• _DATA BELOW_:
--------------------------------

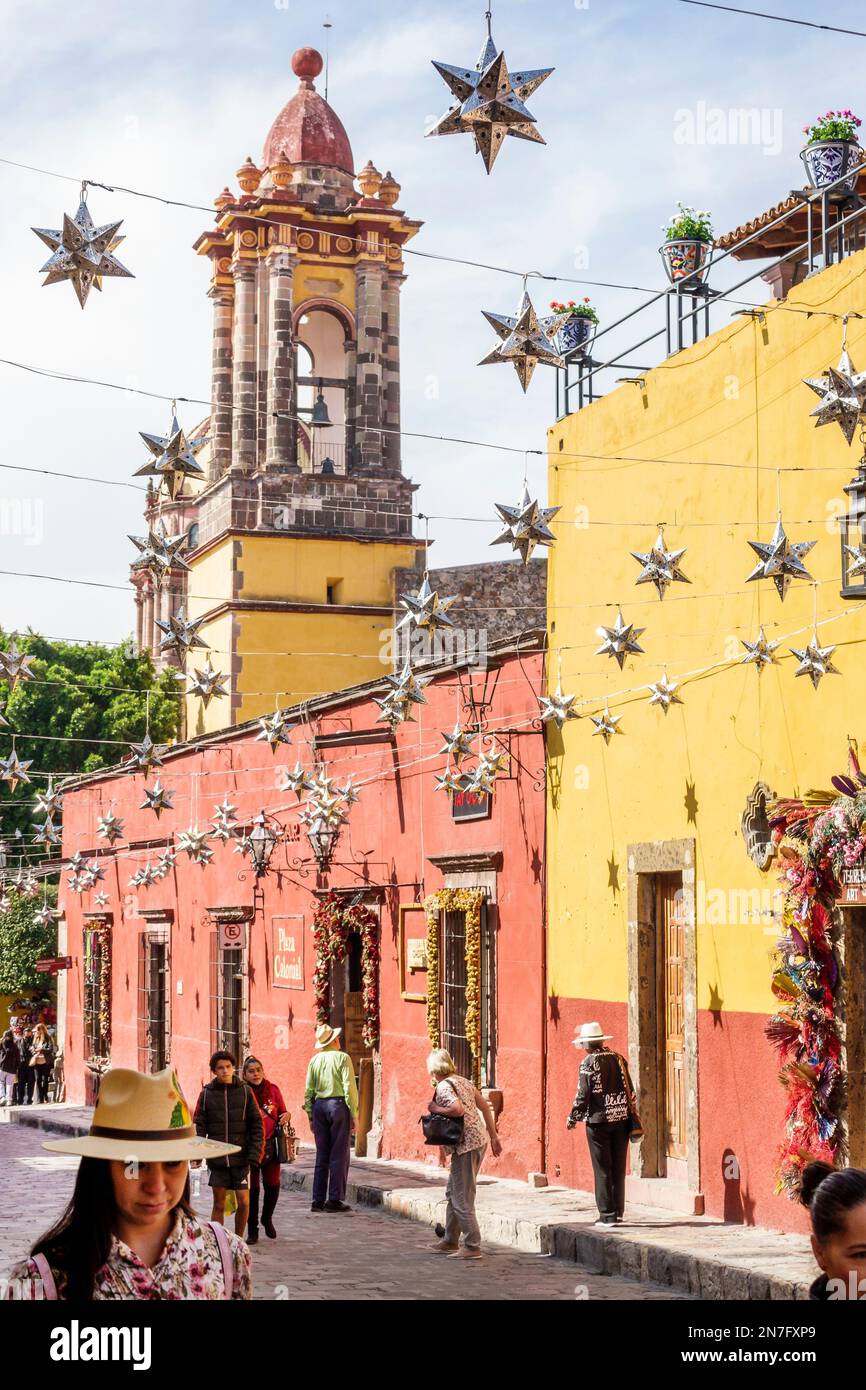 San Miguel de Allende Guanajuato Mexico,Historico Central historic center Zona Centro,Calle Canal Street,Templo de la Purisima Concepcion Las Monjas C Stock Photo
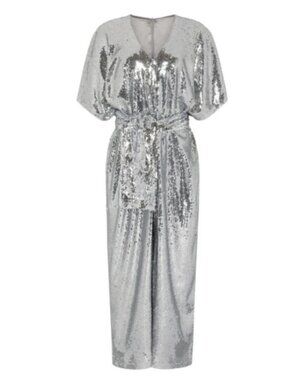 NALÈ Silver Sequin Palazzo Jumpsuit, Sz 12 / UK 16, Silk‑Lined, Retails $442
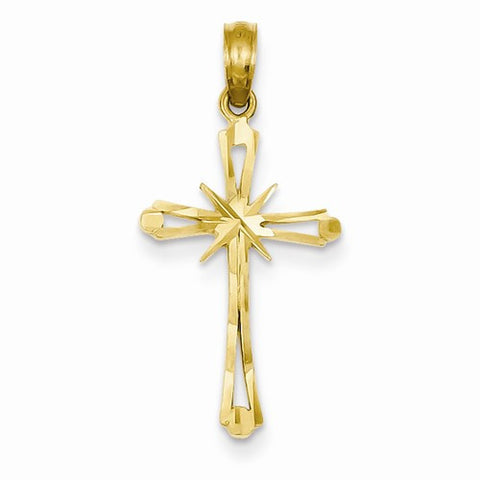 14k Gold Diamond-cut Budded Cross pendant, Fine Pendants for Necklace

--------------------------------

• _ASSIGNMENT_:
Everything above should be given again exactly, apart from the pictures.

• _ANSWER TO THE EXERCISE_:
 San Miguel de Allende Guanajuato Mexico,Historico Central historic center Zona Centro,Calle Canal Street,Templo de la Purisima Concepcion Las Monjas C Stock Photo
 NALÈ Silver Sequin Palazzo Jumpsuit, Sz 12 / UK 16, Silk‑Lined, Retails $442
 14k Gold Diamond-cut Budded Cross pendant, Fine Pendants for Necklace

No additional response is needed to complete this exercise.